## [EXERCISE DETAILS]
Nothing but the lines from the one showing "Bakan Fidan, ASEAN" through the final line of the data below belongs in the answer, duplicated exactly and without pictures.

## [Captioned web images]
::::

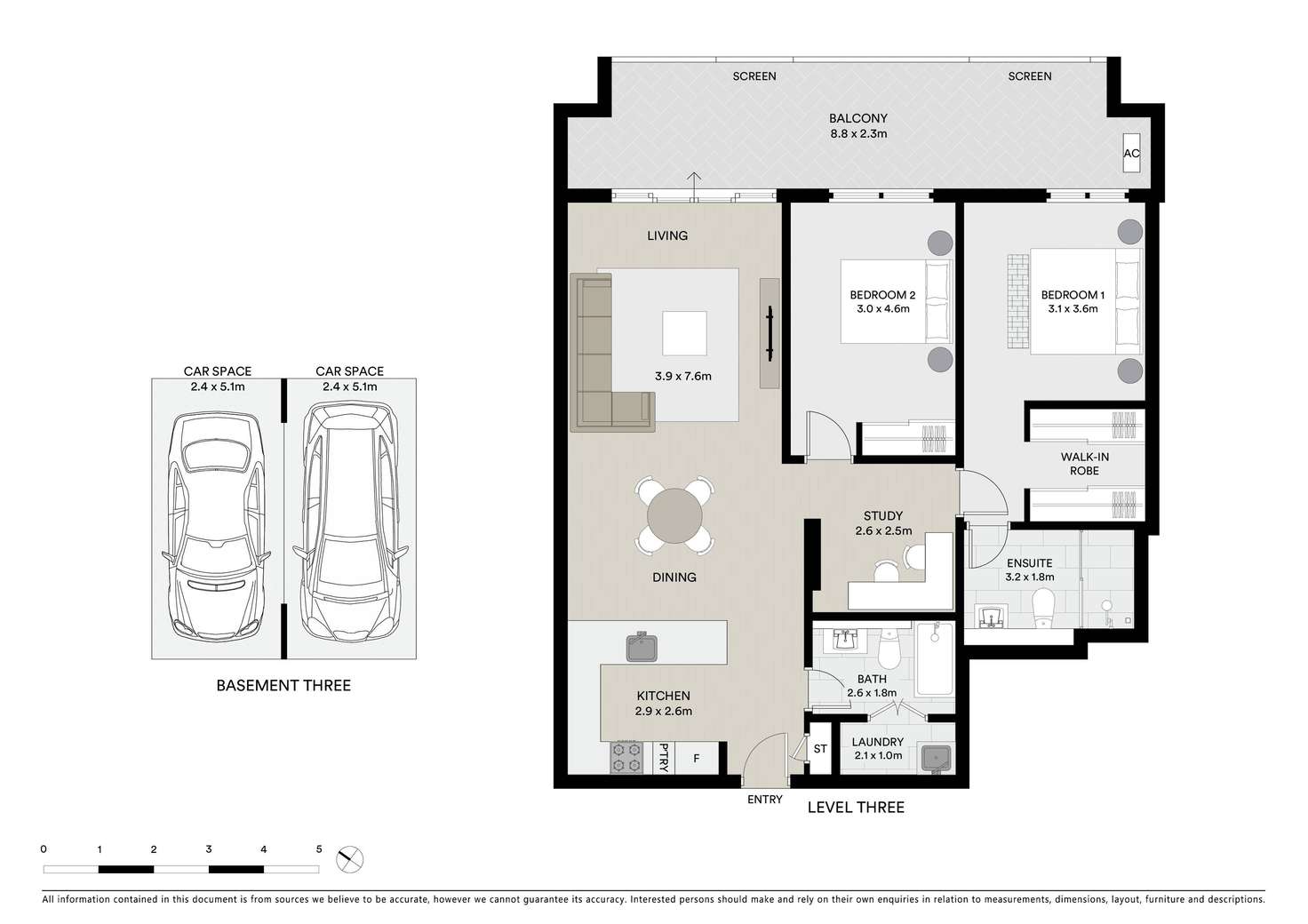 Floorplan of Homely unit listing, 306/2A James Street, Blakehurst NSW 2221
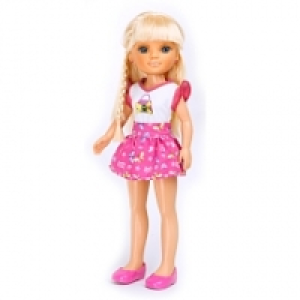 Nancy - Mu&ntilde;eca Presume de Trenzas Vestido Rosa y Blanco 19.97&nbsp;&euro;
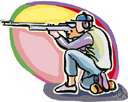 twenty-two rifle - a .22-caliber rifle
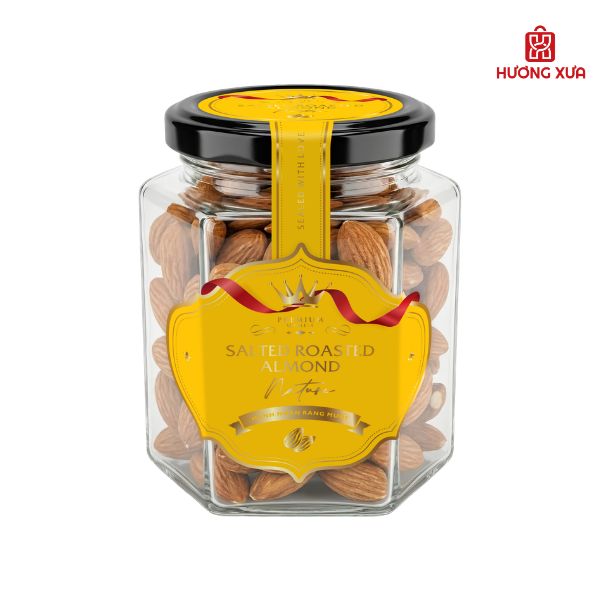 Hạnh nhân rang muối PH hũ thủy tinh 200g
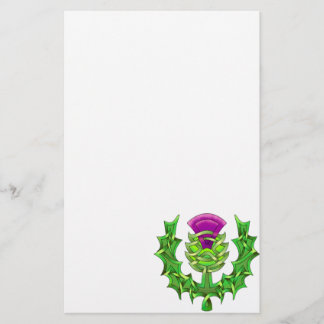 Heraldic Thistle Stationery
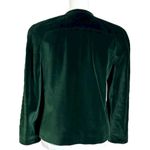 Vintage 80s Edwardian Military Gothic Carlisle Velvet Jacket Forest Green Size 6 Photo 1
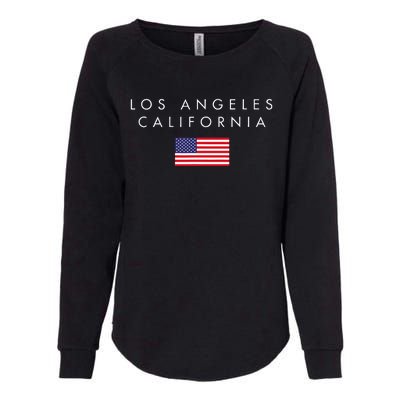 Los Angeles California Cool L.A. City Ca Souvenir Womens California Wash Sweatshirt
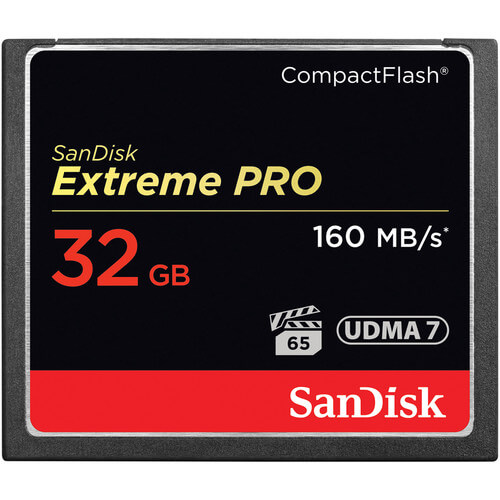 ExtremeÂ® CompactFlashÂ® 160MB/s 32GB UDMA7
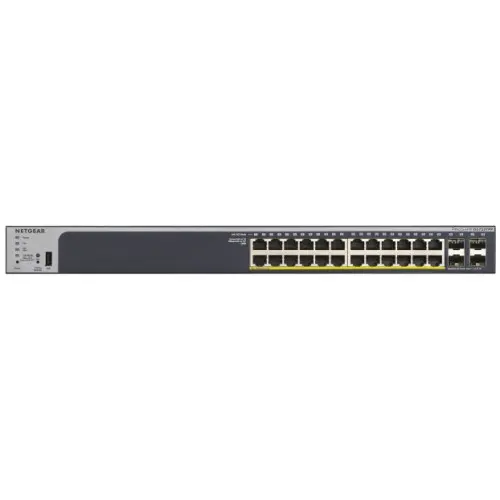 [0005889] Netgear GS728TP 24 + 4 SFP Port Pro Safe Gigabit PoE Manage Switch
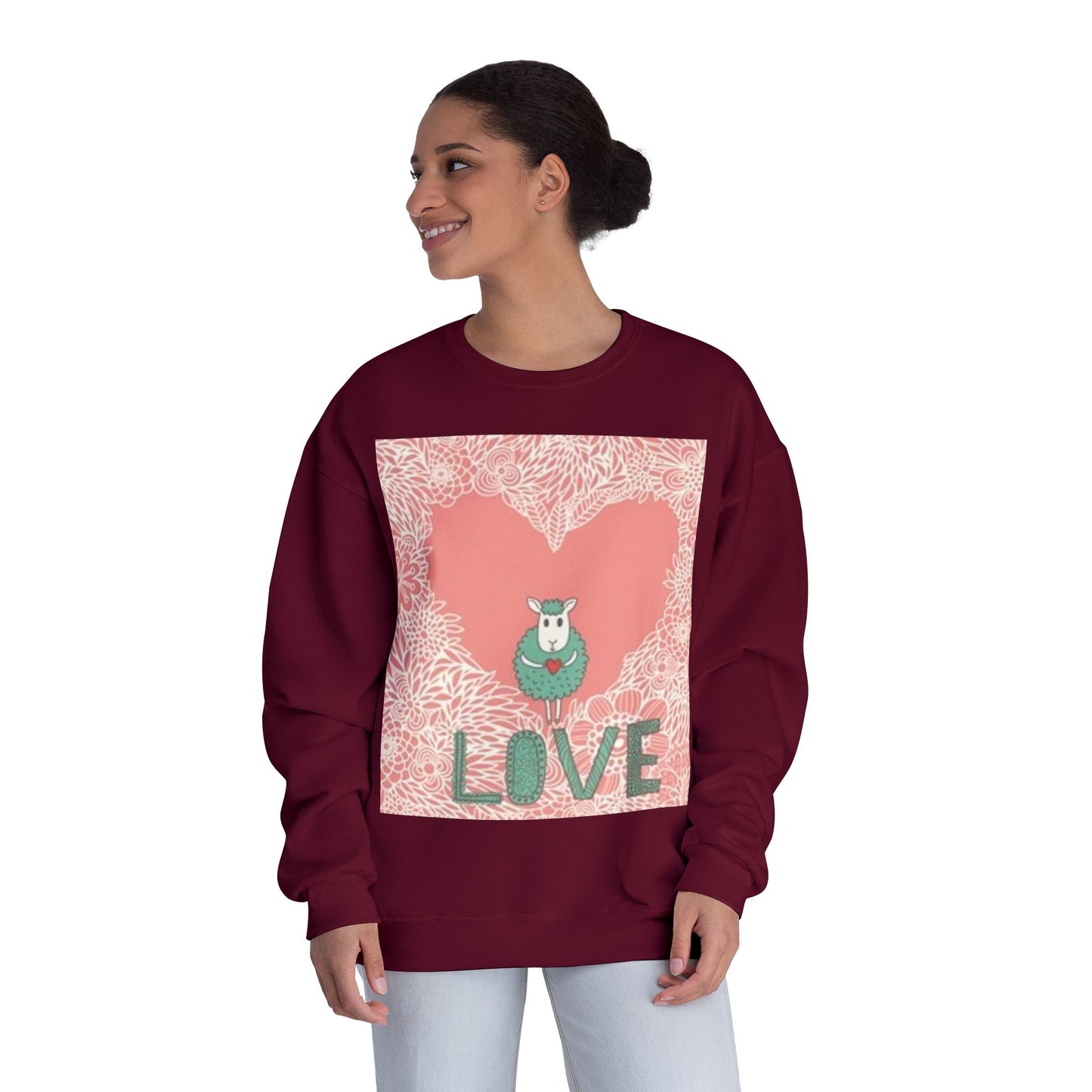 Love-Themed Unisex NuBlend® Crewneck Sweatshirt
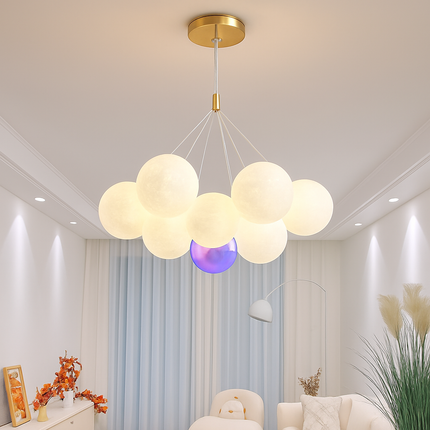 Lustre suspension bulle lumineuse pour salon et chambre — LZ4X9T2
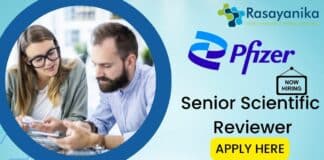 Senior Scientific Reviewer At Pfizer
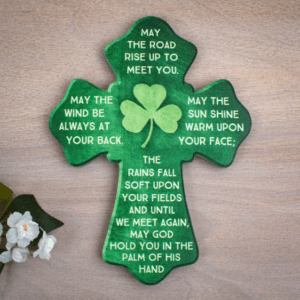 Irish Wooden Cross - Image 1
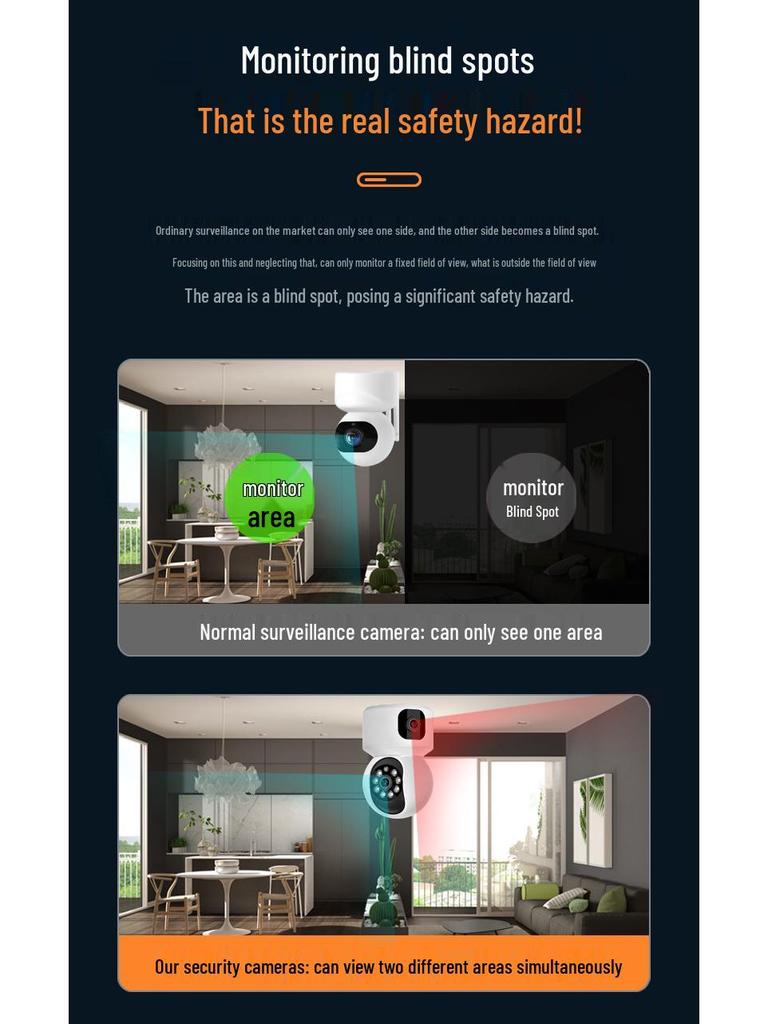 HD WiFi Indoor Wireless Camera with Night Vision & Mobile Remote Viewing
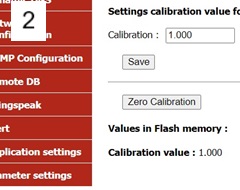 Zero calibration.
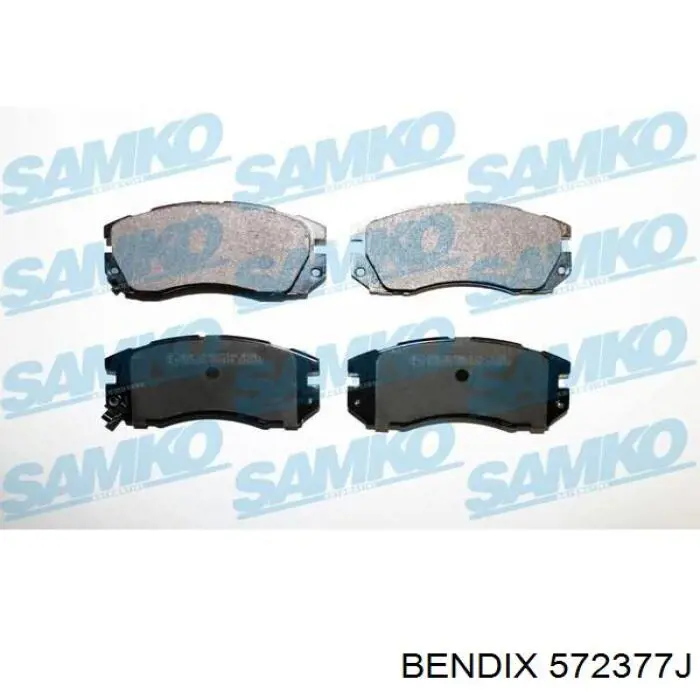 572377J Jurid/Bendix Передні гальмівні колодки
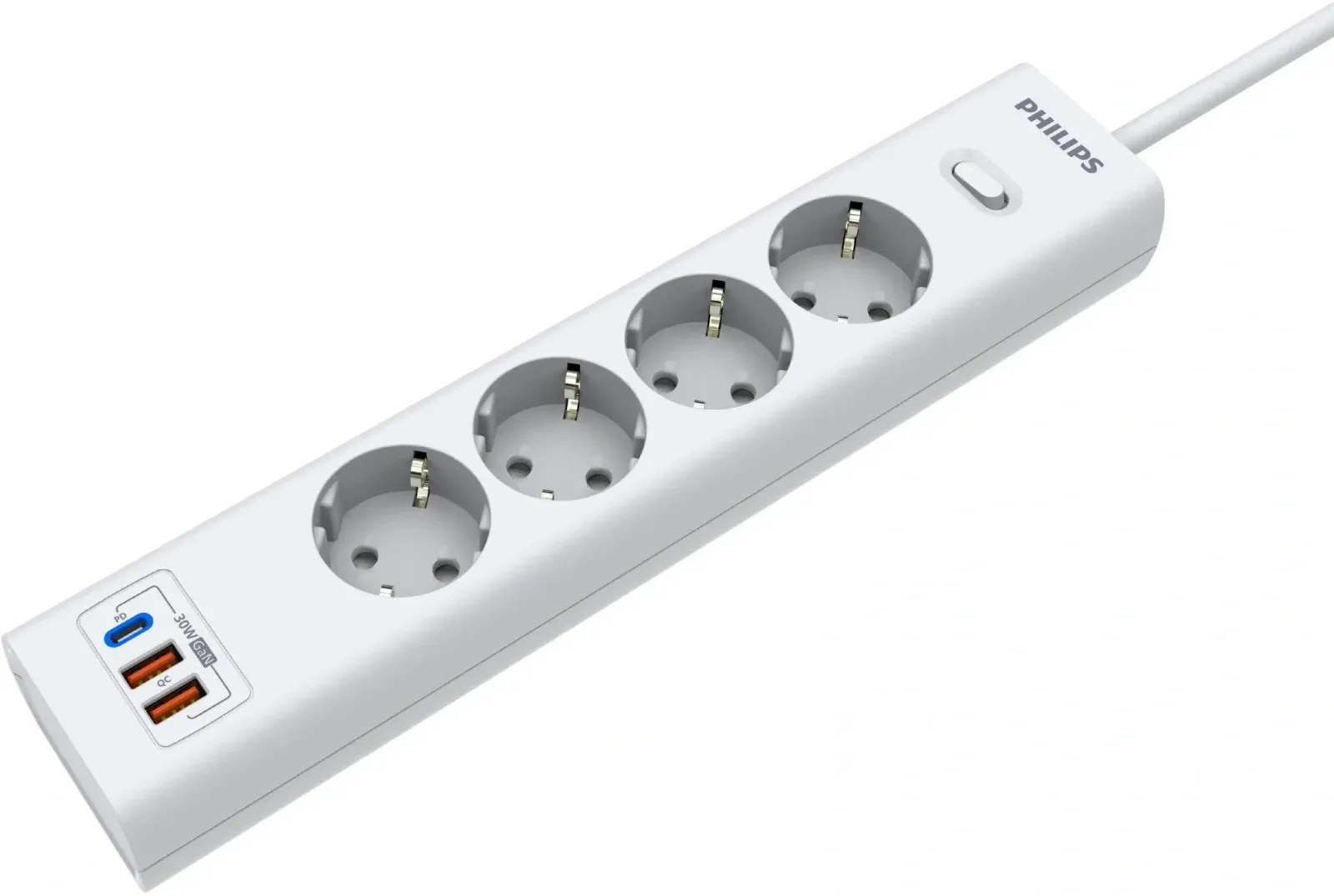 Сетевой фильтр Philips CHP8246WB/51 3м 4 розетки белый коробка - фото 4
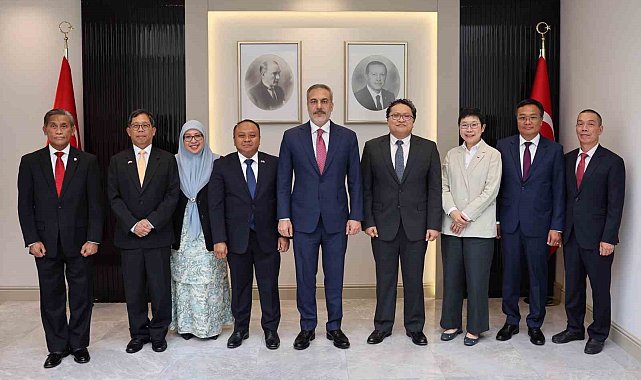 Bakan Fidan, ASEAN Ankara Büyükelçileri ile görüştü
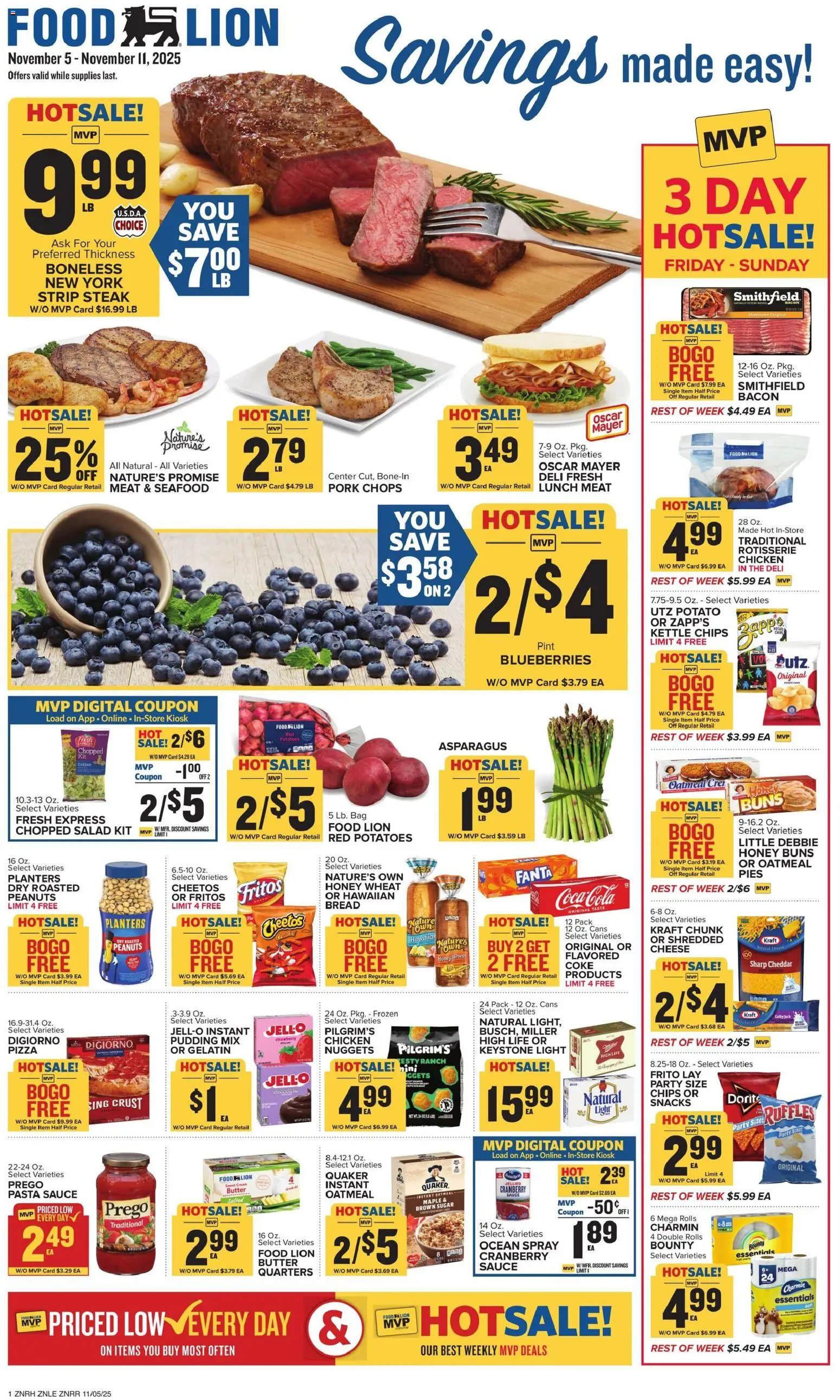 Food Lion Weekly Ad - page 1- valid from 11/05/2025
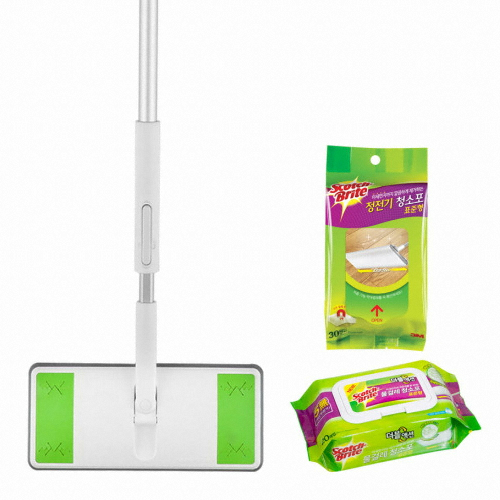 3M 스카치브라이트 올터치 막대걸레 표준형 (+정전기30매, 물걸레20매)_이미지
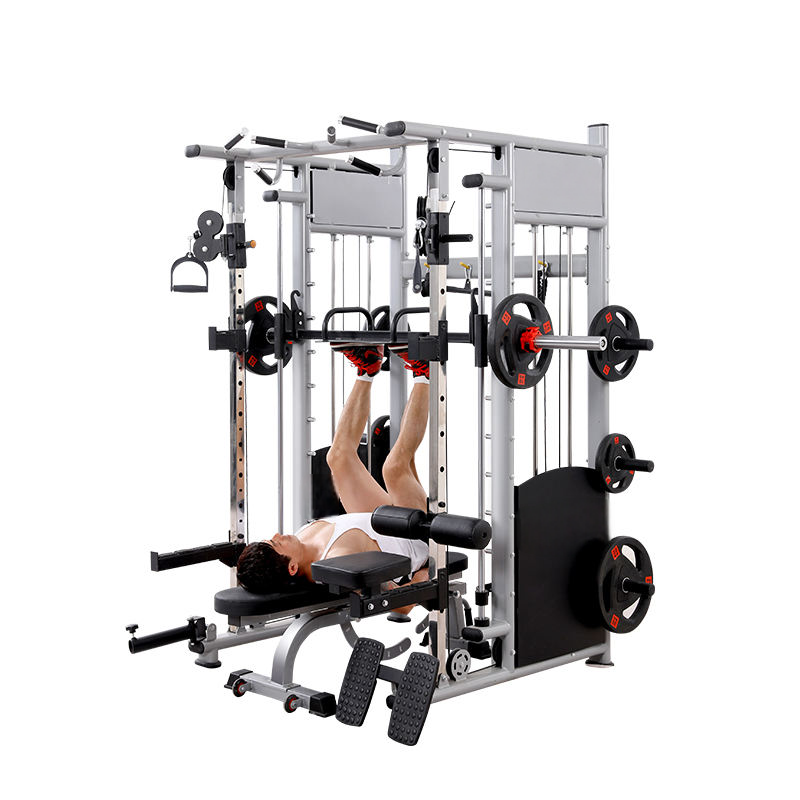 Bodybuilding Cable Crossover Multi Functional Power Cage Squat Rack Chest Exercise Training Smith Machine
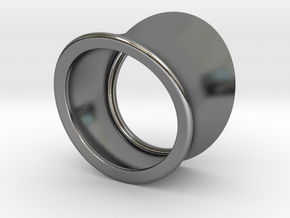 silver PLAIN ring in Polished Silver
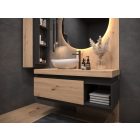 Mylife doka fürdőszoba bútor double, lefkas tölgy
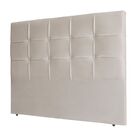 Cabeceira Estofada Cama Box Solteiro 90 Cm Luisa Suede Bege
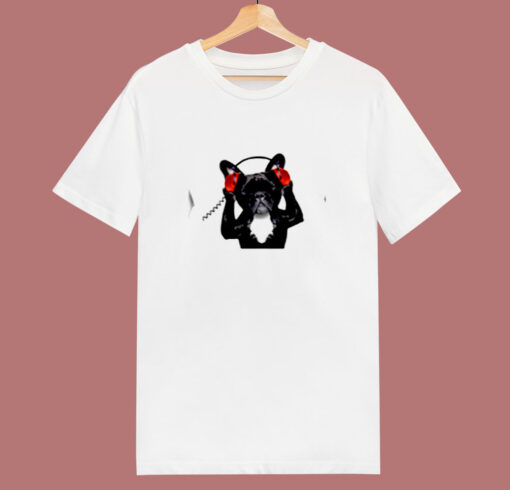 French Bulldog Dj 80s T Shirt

::::

## [SOLUTION TO THIS TASK]
 Bakan Fidan, ASEAN Ankara Büyükelçileri ile görüştü
 Food Lion Weekly Ad - page 1- valid from 11/05/2025
 3M 스카치브라이트 올터치 막대걸레 표준형 (+정전기30매, 물걸레20매)_이미지
 Bodybuilding Cable Crossover Multi Functional Power Cage Squat Rack Chest Exercise Training Smith Machine
 silver PLAIN ring in Polished Silver
 Mylife doka fürdőszoba bútor double, lefkas tölgy
 Cabeceira Estofada Cama Box Solteiro 90 Cm Luisa Suede Bege
 French Bulldog Dj 80s T Shirt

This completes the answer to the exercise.